[Data listing]:
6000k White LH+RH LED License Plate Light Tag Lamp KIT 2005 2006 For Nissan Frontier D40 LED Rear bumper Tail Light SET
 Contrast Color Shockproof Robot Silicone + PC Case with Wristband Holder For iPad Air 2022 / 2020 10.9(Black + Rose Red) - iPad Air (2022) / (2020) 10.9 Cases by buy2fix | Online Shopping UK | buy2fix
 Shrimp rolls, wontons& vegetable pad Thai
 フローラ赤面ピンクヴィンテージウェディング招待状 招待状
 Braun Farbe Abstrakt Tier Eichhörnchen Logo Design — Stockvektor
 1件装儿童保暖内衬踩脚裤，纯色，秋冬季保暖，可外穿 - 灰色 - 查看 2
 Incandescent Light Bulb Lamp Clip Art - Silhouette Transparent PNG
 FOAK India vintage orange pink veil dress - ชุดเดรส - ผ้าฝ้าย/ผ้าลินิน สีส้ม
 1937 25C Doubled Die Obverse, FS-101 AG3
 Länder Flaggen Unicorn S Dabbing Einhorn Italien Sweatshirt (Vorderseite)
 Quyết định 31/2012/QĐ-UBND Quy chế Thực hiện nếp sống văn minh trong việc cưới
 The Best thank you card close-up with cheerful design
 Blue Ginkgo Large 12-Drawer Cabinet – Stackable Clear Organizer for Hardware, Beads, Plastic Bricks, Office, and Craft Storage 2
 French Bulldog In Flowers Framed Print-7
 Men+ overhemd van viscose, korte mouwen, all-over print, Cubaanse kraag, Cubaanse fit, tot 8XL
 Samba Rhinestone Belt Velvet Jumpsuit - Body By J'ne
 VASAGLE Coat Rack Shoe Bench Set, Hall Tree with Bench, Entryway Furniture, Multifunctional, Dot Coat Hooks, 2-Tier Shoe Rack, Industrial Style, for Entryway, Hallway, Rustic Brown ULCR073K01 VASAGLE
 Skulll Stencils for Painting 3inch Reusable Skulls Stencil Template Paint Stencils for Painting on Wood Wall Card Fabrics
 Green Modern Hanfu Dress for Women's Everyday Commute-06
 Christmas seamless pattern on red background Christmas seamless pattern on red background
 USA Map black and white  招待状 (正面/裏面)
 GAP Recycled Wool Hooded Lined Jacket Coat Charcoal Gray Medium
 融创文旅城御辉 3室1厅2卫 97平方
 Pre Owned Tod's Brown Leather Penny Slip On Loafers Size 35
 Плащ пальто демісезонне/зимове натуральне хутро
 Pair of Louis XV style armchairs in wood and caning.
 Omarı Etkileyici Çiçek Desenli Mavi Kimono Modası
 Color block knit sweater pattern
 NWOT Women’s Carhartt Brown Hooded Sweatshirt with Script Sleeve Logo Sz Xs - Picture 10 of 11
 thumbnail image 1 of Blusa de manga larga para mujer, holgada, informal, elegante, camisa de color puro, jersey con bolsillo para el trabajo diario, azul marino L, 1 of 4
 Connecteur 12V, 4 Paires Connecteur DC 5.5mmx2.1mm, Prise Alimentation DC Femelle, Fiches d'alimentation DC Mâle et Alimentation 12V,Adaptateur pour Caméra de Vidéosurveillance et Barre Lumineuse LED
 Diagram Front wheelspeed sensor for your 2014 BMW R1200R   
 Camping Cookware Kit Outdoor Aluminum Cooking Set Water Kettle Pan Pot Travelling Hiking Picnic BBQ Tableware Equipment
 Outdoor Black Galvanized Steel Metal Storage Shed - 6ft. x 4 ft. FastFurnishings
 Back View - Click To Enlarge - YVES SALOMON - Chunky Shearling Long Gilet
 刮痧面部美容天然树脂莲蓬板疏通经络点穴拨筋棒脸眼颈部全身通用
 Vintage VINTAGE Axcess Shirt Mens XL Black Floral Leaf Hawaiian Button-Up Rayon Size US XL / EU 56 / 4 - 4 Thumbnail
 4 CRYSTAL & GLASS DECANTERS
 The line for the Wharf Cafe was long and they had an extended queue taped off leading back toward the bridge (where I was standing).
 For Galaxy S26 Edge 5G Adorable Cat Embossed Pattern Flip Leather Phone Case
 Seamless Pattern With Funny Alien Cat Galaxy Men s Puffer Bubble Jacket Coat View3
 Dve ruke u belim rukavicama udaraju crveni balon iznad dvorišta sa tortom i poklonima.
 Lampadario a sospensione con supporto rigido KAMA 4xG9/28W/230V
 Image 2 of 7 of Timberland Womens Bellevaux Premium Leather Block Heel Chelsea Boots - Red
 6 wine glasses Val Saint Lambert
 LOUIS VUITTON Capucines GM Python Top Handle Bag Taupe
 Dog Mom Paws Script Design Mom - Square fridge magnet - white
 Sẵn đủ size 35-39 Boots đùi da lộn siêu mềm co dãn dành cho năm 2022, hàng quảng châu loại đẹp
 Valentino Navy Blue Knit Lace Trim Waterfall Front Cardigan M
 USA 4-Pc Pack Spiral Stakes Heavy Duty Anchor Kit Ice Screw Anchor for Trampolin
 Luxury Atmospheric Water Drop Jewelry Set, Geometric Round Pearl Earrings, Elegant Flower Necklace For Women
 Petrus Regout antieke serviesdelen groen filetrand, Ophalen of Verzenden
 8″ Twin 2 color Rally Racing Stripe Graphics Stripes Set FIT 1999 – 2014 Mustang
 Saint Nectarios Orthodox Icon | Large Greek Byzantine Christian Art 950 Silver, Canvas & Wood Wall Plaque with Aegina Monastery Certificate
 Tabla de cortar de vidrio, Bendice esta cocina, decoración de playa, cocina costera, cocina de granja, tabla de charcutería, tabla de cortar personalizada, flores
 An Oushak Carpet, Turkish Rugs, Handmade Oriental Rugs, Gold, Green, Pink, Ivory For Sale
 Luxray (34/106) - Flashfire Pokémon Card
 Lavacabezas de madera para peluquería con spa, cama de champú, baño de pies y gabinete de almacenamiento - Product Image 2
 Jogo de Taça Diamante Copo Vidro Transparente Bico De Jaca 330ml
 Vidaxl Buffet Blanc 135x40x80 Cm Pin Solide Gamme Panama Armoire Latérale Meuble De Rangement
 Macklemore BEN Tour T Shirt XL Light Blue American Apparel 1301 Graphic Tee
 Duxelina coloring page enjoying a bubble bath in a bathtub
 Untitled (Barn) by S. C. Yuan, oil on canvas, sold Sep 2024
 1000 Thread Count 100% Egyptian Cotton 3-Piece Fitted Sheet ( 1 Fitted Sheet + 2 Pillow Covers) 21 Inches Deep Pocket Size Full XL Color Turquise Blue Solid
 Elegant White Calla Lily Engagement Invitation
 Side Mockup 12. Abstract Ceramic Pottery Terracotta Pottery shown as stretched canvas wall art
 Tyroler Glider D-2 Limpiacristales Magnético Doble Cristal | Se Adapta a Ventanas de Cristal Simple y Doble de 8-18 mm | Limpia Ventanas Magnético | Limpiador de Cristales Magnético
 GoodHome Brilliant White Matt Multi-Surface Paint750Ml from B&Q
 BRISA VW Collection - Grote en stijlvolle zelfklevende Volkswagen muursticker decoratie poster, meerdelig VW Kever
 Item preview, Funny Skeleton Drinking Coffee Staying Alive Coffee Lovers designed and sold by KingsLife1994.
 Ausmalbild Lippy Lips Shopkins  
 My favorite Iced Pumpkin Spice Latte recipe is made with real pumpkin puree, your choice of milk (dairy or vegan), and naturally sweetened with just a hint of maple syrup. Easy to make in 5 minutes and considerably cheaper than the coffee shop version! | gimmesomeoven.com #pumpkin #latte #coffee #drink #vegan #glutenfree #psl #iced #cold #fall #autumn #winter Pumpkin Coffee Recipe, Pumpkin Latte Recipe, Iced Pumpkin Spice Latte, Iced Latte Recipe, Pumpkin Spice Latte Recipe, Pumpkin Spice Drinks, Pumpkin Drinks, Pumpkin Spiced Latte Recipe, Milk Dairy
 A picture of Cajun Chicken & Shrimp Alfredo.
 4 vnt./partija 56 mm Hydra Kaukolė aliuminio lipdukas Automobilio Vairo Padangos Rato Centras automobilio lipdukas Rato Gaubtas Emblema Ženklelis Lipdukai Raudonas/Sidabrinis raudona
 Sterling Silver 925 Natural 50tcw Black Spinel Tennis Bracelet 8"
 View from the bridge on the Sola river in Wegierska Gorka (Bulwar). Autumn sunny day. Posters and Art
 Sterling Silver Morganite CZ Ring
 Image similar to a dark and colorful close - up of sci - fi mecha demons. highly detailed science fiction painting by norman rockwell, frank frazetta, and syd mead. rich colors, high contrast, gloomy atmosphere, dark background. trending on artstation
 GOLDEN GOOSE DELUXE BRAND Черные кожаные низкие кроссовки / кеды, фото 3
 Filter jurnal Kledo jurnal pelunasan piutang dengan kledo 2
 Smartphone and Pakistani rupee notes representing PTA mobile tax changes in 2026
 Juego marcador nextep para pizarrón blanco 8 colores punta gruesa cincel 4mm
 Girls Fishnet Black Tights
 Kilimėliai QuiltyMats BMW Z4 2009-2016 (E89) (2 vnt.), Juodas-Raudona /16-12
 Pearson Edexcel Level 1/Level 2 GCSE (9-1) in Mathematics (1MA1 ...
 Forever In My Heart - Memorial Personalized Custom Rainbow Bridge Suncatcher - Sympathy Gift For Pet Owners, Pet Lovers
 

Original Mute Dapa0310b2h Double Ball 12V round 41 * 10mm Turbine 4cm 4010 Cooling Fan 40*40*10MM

[Work required]:
Restate word for word the entries above, starting at the line with "Sẵn đủ size" and ending at the line with "8″ Twin 2 color", inclusive, and no others.

[Response box]:
 Sẵn đủ size 35-39 Boots đùi da lộn siêu mềm co dãn dành cho năm 2022, hàng quảng châu loại đẹp
 Valentino Navy Blue Knit Lace Trim Waterfall Front Cardigan M
 USA 4-Pc Pack Spiral Stakes Heavy Duty Anchor Kit Ice Screw Anchor for Trampolin
 Luxury Atmospheric Water Drop Jewelry Set, Geometric Round Pearl Earrings, Elegant Flower Necklace For Women
 Petrus Regout antieke serviesdelen groen filetrand, Ophalen of Verzenden
 8″ Twin 2 color Rally Racing Stripe Graphics Stripes Set FIT 1999 – 2014 Mustang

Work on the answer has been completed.